Election problem when merging from partitions
Cluster [A,B,C,D,E], A is the coordinator and leader, then cluster partition into [A,B,C] and [D,E], A is still the leader, then merge back to [D,A,B,C,E], D become the coordinator, and start a voting round with term + 1, in the meantime A broadcast LeaderElectedMessage telling everyone there is a leader, D got the message and stop the voting thread without checking the result of tryAdvanceTermAndLeader, A got the VoteRequest from D, and resign from leadership and voting for the new term, then the cluster has no leader and no running election thread.
I think checking the result of tryAdvanceTermAndLeader before stop the voting thread could solve the problem, or new coordinator has a way to check if there is a existing leader?
Seems not that easy to fix. voting thread will advance the term anyway after started, if the term is advanced then the election must be done, so we can't stop the voting thread when handling the leader elected message, unless setting the leader will stop voting thread to advance the term and won't send any voting request for the next term.
Hey, @yfei-z.
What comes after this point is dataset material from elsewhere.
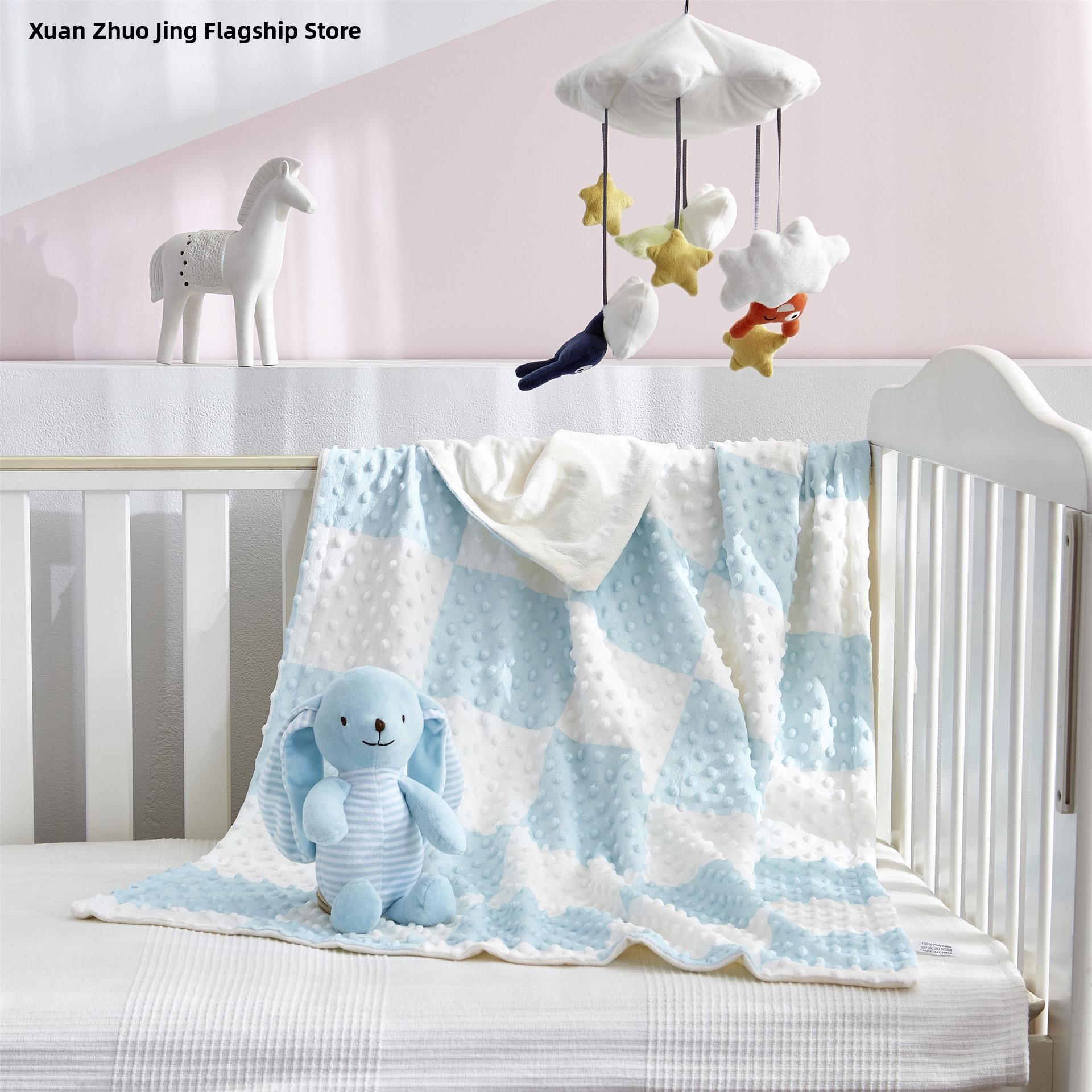 Double Layer Baby Soft Bean Bl - Baby Nursery Quilts ulasan dan harga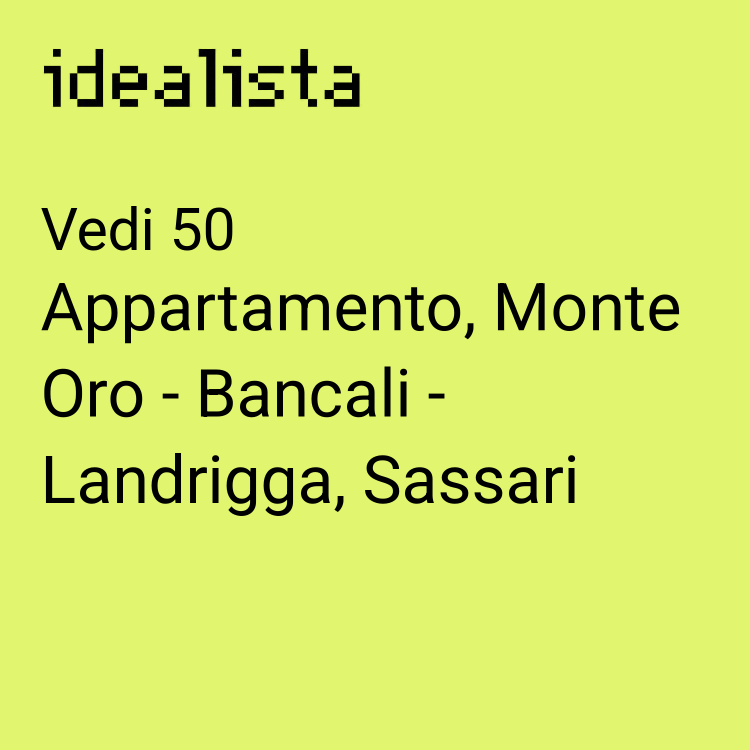 appartamento in vendita a Sassari in zona Bancali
Thanks again! The node should only stop the voting thread if the leader and term update goes through. That is, it should ignore messages with a smaller term. I'll try to look into this week as I'll be on PTO until the 20th.
Some thoughts from the top of my head. The LeaderElected message is either delivered to [A, B, C] or [A, B, C, D, E] views. I think JGroups wouldn't deliver a message to different views. Additionally, the membership order in a view is deterministic. The members are sorted after the partition heals. This means A should be the coordinator before and after the merge.
Nevertheless, I'll try creating some tests and updating the handling of LeaderElected messages. I think the node shouldn't blindly apply the message.
Hi @jabolina, I think the order of members in the MergeView is depended on GMS.membership_change_policy, default one merge subgroups by sort the randomly generated addresses, so it could be any order.
And I think check the current term before apply the elected leader is not good enough, because the voting thread will force the term to increase with a loop, so even the term is not increased yet while setting the leader, but the voting thread could still increase the term before it actually stopped.
ELECTION2 seems no problem in this case. Although B and C might ignore the PreVoteRequest at first (NAKACK2), but after the retransmission, D could have all PreVoteResponses and decide to start the voting thread, it happens after the LeaderElectedMessage of A.